Aquaporins in cancer stem cells targeted to prevent gastric cancer recurrence
Scientists have identified the specific cells responsible for gastric cancer's tendency to return after treatment. The study also demonstrated that eliminating these cells stops tumors from growing, even in advanced disease that has spread to other organs.
The study, published in Science, reveals that a protein called Aquaporin-5 (AQP5) marks these cells. When the researchers selectively eliminated AQP5-expressing cells in laboratory models, tumors shrank and did not return.
Gastric cancer remains a significant health burden in Singapore and across Asia, where incidence rates are among the highest in the world. More than two-thirds of patients are diagnosed at advanced stages, contributing to poor survival outcomes.
One of the greatest challenges is that the disease frequently recurs. A patient may undergo surgery or chemotherapy and show no signs of remaining disease, only for the cancer to reappear months or years later, often having spread to organs such as the liver or lungs.
Scientists have long suspected that a small population of cells survives treatment and regenerates the tumor. These "cancer stem cells" are thought to resist conventional therapies, allowing the disease to return even after the visible tumor has been removed.
Previous attempts to identify gastric cancer stem cells using other protein markers, such as CD44 or CD133, yielded inconsistent results. These markers often appeared on healthy cells as well or did not fully account for tumor behaviour.
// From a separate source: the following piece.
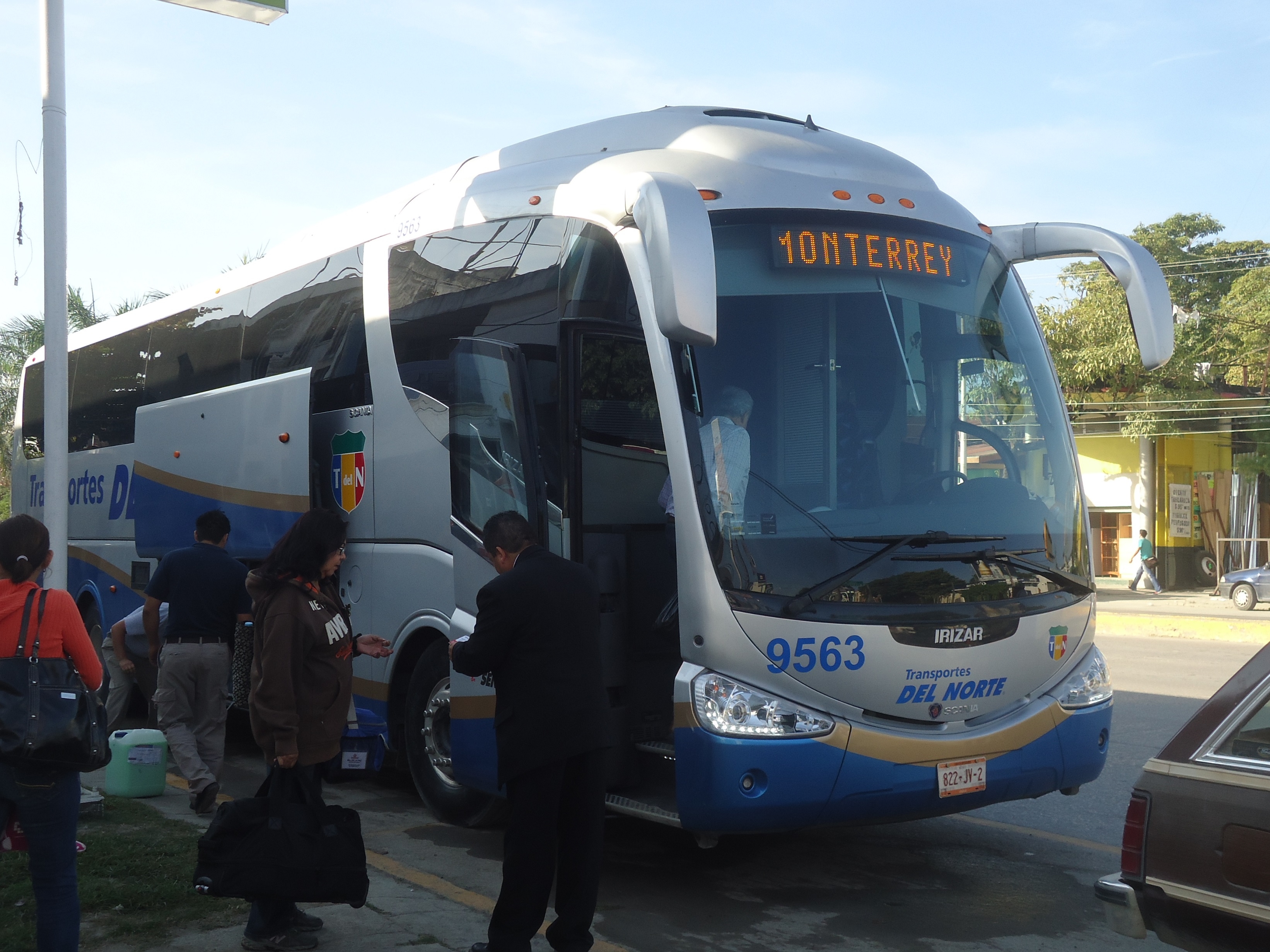 Blindarán viajes en autobús, pedirán credencial de elector a pasajeros.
The team discovered that AQP5 reliably marks the cancer stem cells in gastric tumors. Aquaporins are proteins that form channels in cell membranes to control the movement of water into and out of cells. While AQP5 was previously known to mark stem cells in healthy gastric tissue, this study shows it also identifies the specific cells responsible for driving tumor growth, spread, and recurrence.
Importantly, AQP5 does more than simply mark these cells; it actively contributes to their aggressive behavior.
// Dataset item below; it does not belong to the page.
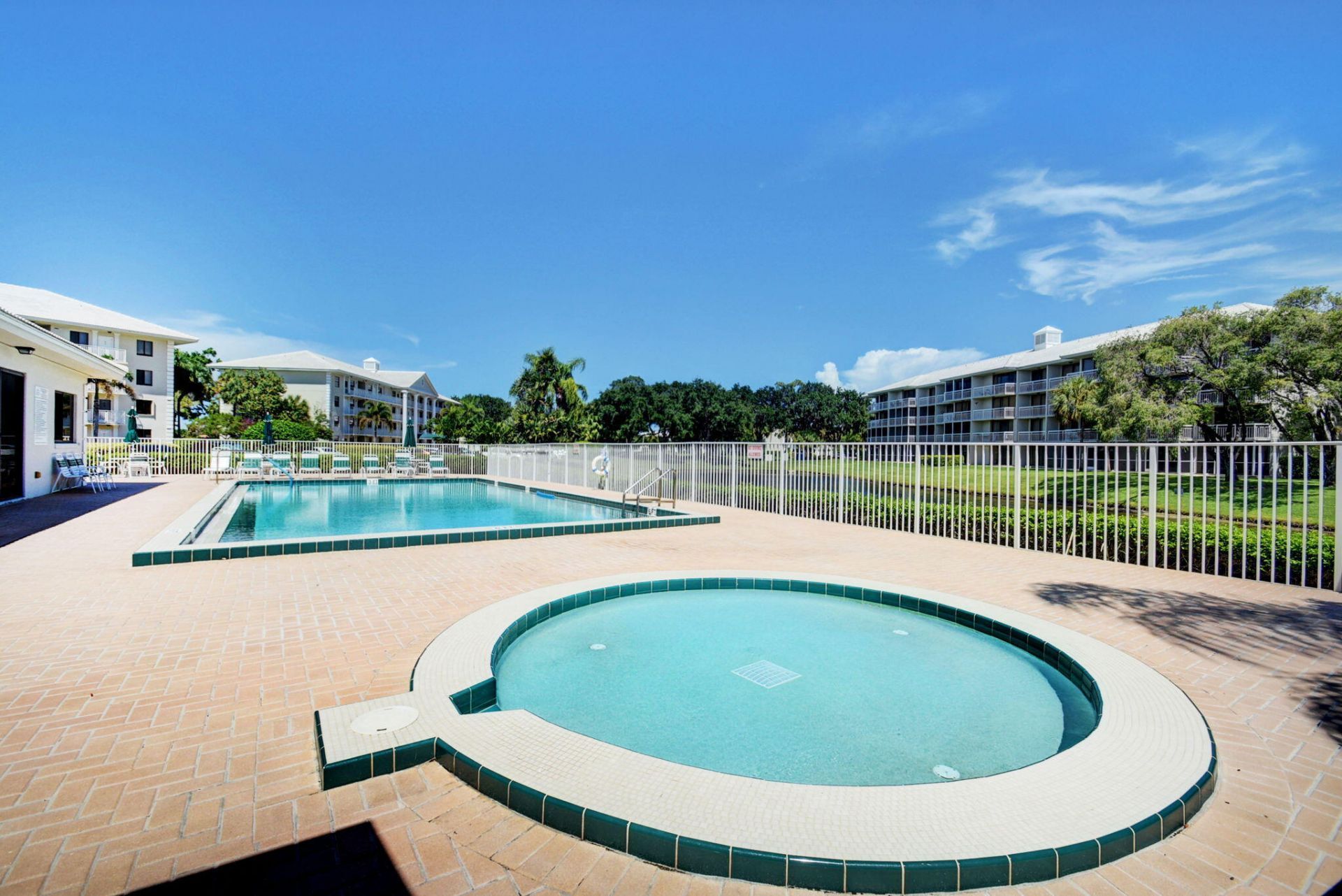 6061 Balboa Circle, Unit 206, Boca Raton, FL 33433 Photo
The researchers found that cells with AQP5 were capable of forming new tumors, while cells without AQP5 rarely did so. Most significantly, when they used a targeted method to eliminate only the AQP5-expressing cells, tumors stopped growing or shrank entirely and did not recur. This held true even for cancers that had spread to other organs.
"Gastric cancer's high recurrence rate has long posed a challenge for clinicians," said a Senior Principal Scientist. "These findings give us a defined target to pursue. We are now working to develop therapies against AQP5-expressing cells that could offer patients a better chance of lasting remission."
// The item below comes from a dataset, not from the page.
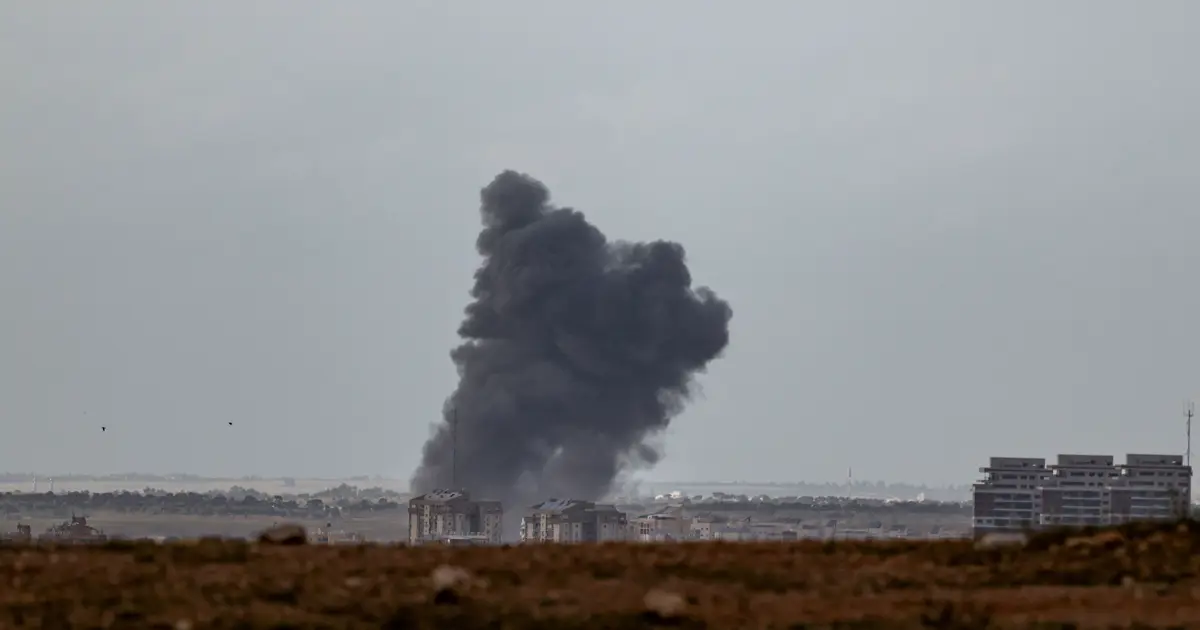 İsrail’de endüstriyel bölge vuruldu. Kimyasal tesiste yangın çıktı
The discovery builds on earlier research published in Nature, which identified AQP5 as a marker of stem cells in healthy gastric tissue. These normal stem cells are responsible for the continuous renewal of the stomach lining. The current study shows that when these stem cells become cancerous, they retain AQP5, making it a reliable way to identify the cells that drive tumor growth.
The findings point to AQP5 as a potential target for new gastric cancer treatments. The research team is now developing AQP5-specific antibodies and evaluating drug candidates, with the aim of conducting preclinical studies. Any therapy would need to be tested in clinical trials before it could be used in patients. This process typically takes many years.